* Work item: Please copy each line of the records below that holds the word "tree".

Short text fragments from websites

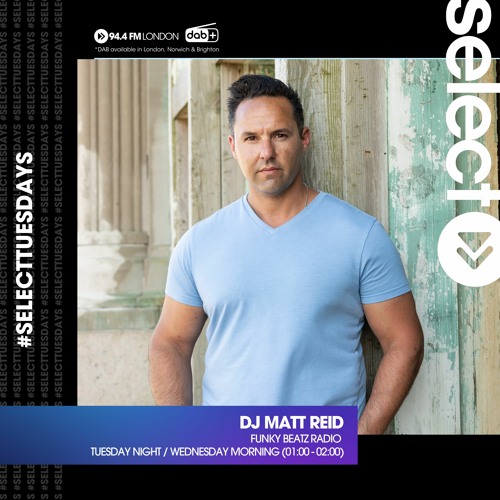 Select Radio With DJ Matt Reid - May 24th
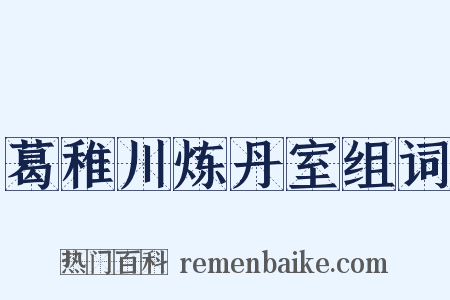 葛稚川炼丹室组词是什么意思的图片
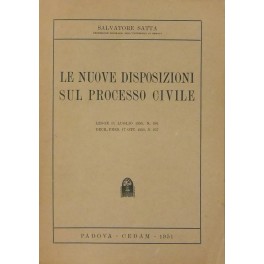 Le nuove disposizioni sul processo civile.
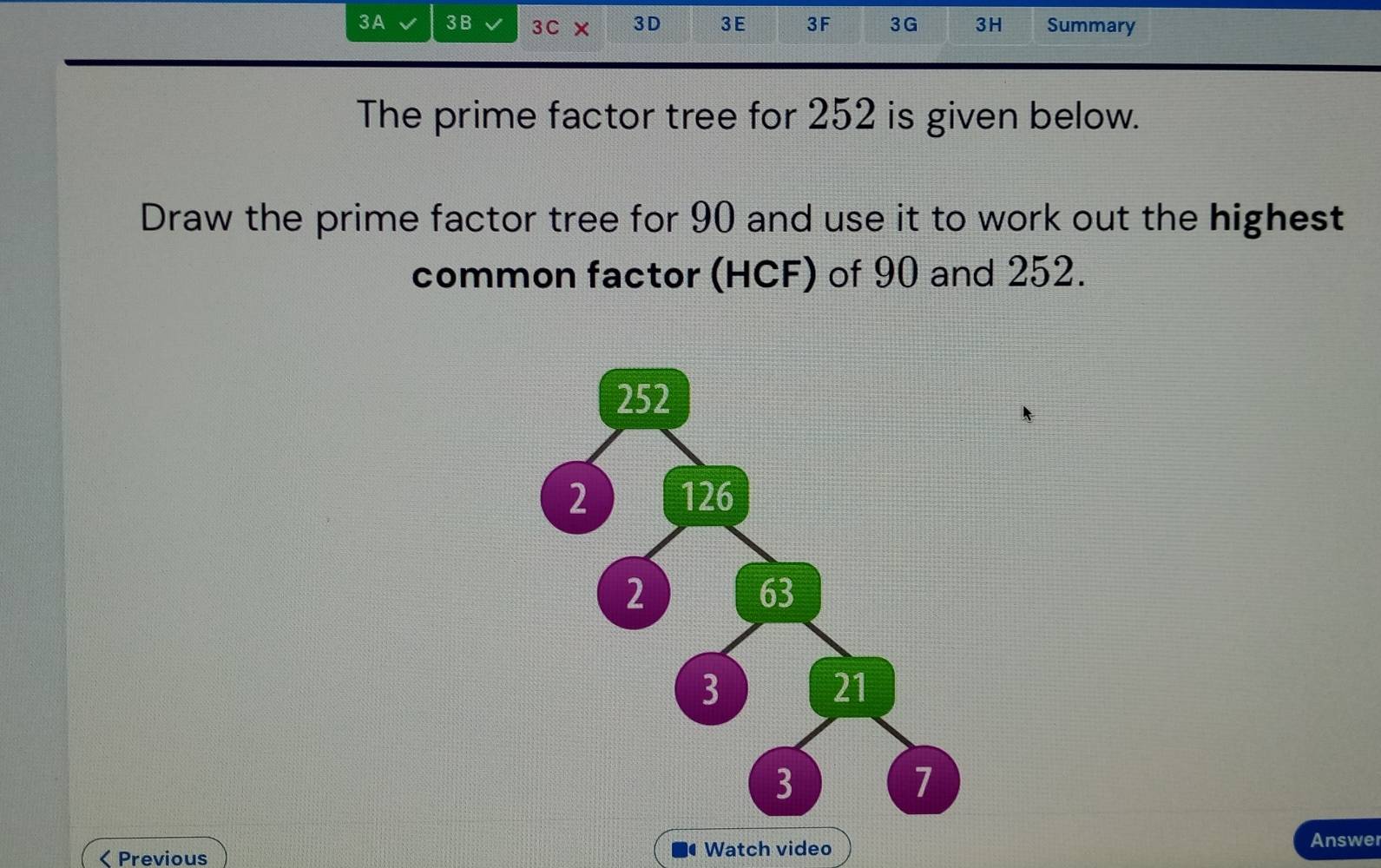 3A 3B 3C × 3D 3E 3F 3G 3H Summary 
The prime factor tree for 252 is given below. 
Draw the prime factor tree for 90 and use it to work out the highest 
common factor (HCF) of 90 and 252. 
< Previous Watch video 
Answer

* Solved exercise:
The prime factor tree for 252 is given below. 
Draw the prime factor tree for 90 and use it to work out the highest 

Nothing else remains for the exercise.